KING LANDS SUCKER PUNCH
By Rick Folstad
The
heavyweight division should be a required course at every law school in the
country. Call it ``Contract Quandary 101,'' or, ``Five easy ways to steal a
champion.''
To pass the course you've got to spend the
semester studying the by-laws and fight contracts of the IBF, WBC, WBA and the
morals clause of Don King, which no one has ever seen. If for some inconceivable
reason you begin to believe all the amendments, subsections and hollow promises,
you're required to take the course over again.
Does Hasim Rahman realize what he's done, what kind of
sleeping monster he woke? The poor guy lands a good right hand on the cheek of
Lennox Lewis and suddenly, the heavyweight division is a judicial battlefield,
an ugly land of backstabbing, badmouthing and barristers.
Some of the lead characters in this comedy include
Rahman, King, Lewis, Mike Tyson, David Tua, Cedric Kushner, HBO, Showtime, an
assortment of smiling attorneys, Shelly Finkel, the head honchos at the IBF and
the WBC, the Seven Dwarfs, Goofy, Yosemite Sam and the Three Stooges.
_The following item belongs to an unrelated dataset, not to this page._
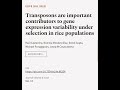 Transposons Are Important Contributors To Gene Expression Variability Under Selection RTCL TV Transposons Are Important Contributors To Gene Expression Variability Under Selection RTCL TV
But the starring role now belongs to King, who somehow
stole a champion in the wee hours of a Friday morning, Rahman forgetting the
lessons Mike Tyson has already learned and has been trying to pass on: The only
thing that matters to Don King is making Don King richer. That hard-line
approach to business is fine if you're selling time shares, betting the ponies
or trying to make a fortune in commodities. It doesn't go down well when the
product your peddling has a wife and kids and poor judgment.
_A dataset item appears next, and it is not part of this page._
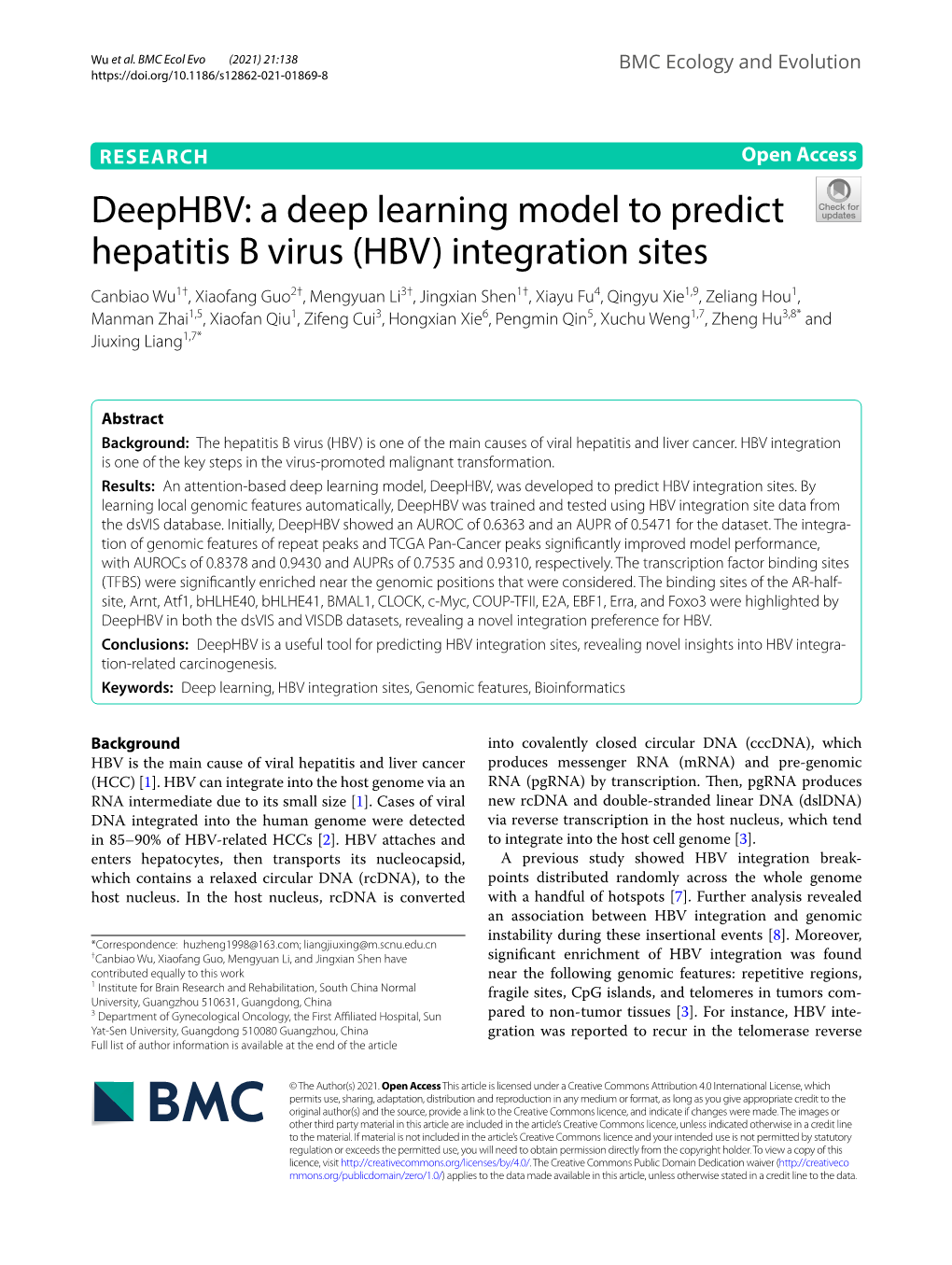 Deephbv: a Deep Learning Model to Predict Hepatitis B Virus (HBV)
King, knowing how the world works, flopped down $500,000
in cash in front of Rahman and suddenly, he had his man and a big portion of the
heavyweight championship.
Now, instead of a fight with Tyson or a rematch with
Lewis, Rahman will probably fight the renowned Brian Nielsen of Denmark, almost
a household name in some parts of Copenhagen.
So after six years with Kushner as his promoter, Rahman
wins the title and bolts, says good-bye like a lazy husband who just won the
lottery and no longer needs the wife who supported him through the tough times.
You can't blame Rahman for following the money, but he
also might have sold himself down the river. He listened to the silver-tongued
devil and somehow believed what he was told, what King promised.
Advice to Rahman: Hire an accountant and an attorney,
Hasim. Check the clauses and the fine print. Count your change and keep a close
eye on your wallet.
Meanwhile, the rest of the heavyweight division is
wondering what happened, how King got past the security guard at the door. Say
this for the guy, he doesn't get caught napping. He could convince you the world
was flat if he thought there was a buck in it for him.
While Kushner was looking to cut a deal for Rahman -
weave his way through the legal jungle that has sprung up since Lewis was
knocked on his fanny - King was hiding in the shadows whispering secrets in
Rahman's ear, telling him the world is flat.
But that's just part of the great adventure. We're still
not 100 percent sure who has a right to promote who or fight whom. If you're not
filing a lawsuit right now, you're not in the heavyweight picture.
All because Lewis didn't take Rahman seriously.
Funny thing about good right hands. They circumvent
lawsuits quicker than a room full of judges.
The whole thing is pretty wild if you think about it. We
don't know what's going to happen next, but that's the great thing about prize
fighting. We never know what's going to happen next.
A good right hand is a beautiful thing.